It became clearer and clearer that the chaos and specific patterns are built into nature’s most basic rules. As fractal geometry describes all the shapes in the natural world are a mathematical principle known as self-similarity which the same shape is repeated over and over again at smaller and smaller scales. This finding has a broad and deep impact on financial industry as well as defining intelligence.

I recommend <The Misbehavior of Markets: A Fractal View of Financial Turbulence> from Benoit Mandelbrot if you are interested.

The same fractal as above, magnified 2000-fold, where the Mandelbrot set fine detail resembles the detail at low magnification.

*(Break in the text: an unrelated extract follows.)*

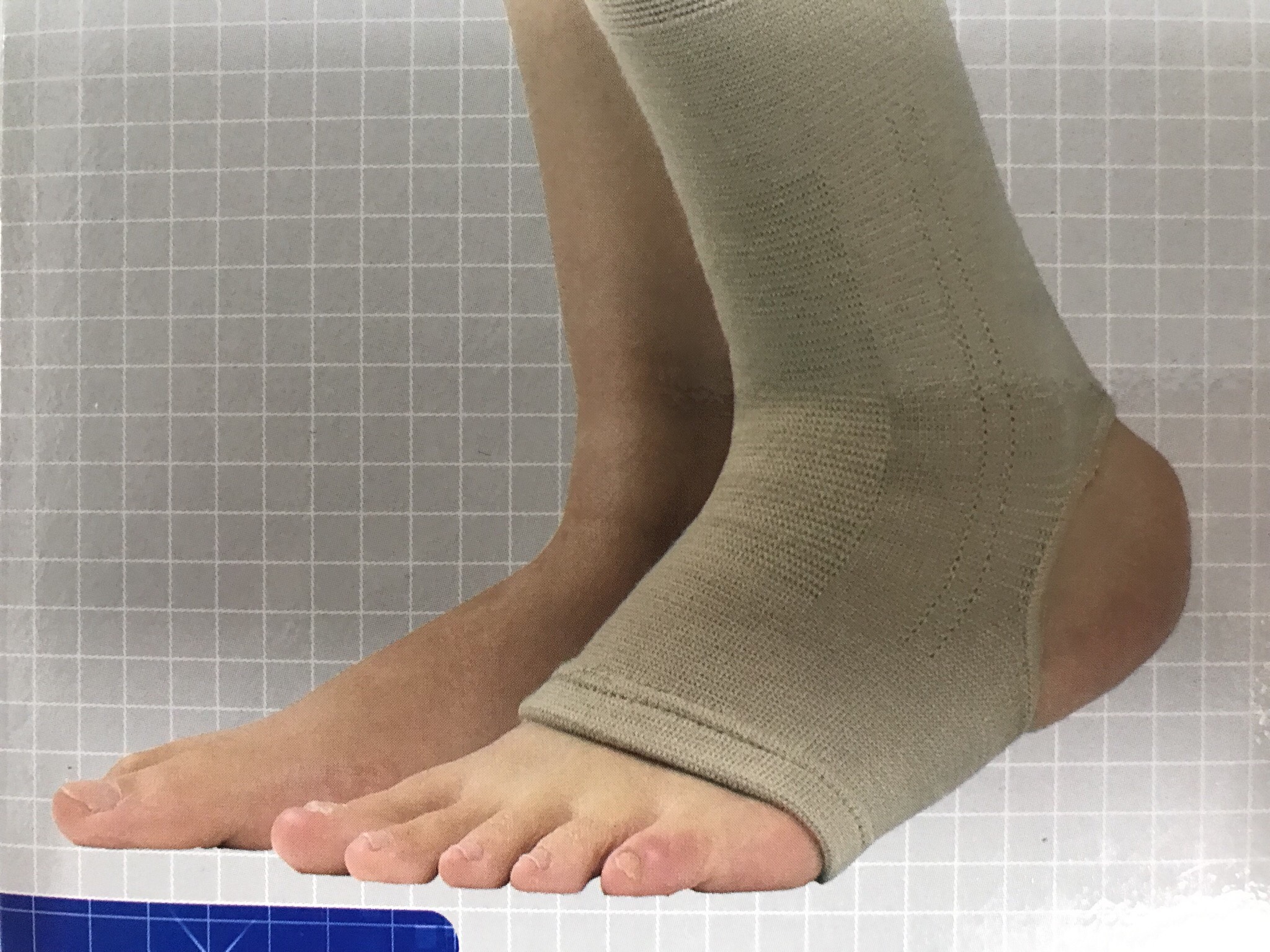 Băng Đai Gót Hở ES-901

Even for evolution, it is a process which is built on these patterns and taken them as the raw ingredients and combined them together in various ways then experimented to see what works and what doesn’t. Keep the things that do work and build on that. It is a completely unconscious process. In other words, evolution is using nature’s self-organizing patterns. It is based on the simple rules to replicate and the feedback from the environment to build up the ever-increasing complex system upon the continuous small mutations.

Let’s go back to the entropy maximization theory, we can find the evolution is actually presenting a similar behavior. If we look back, we can say that the things happen right now like ‘intelligence’ could just be an “accident” which emerges from a long-term unconscious drive of nature to increase future freedom of action or avoid constraints of its own future following from simple rules. From the science perspective the entropy maximization rule does not prevent evolution from happening but in fact, it demands that ordered self-maintaining structures appear to maximize entropy with maximum efficiency:

  1. Ordered systems are more efficient than unordered systems in maximizing entropy.
  2. Self-maintaining, ordered systems will appear spontaneously wherever there is sufficient potential.

In short, the basic concept we can extract from this process is that the unthinking simple rules have the power to create complex systems without any conscious thought. It also implies that design does not need any interfering creator/designer and it is an inherent part of the universe.

“One of the things that makes people so uncomfortable about this idea is if you will spontaneously pattern from it is that somehow you don’t need a creator but perhaps a really clever ‘designer’, what you will do is to treat the universe like a giant simulation where you set some initial condition and just let the whole things spontaneously happen in all its wonder and all of its beauty.”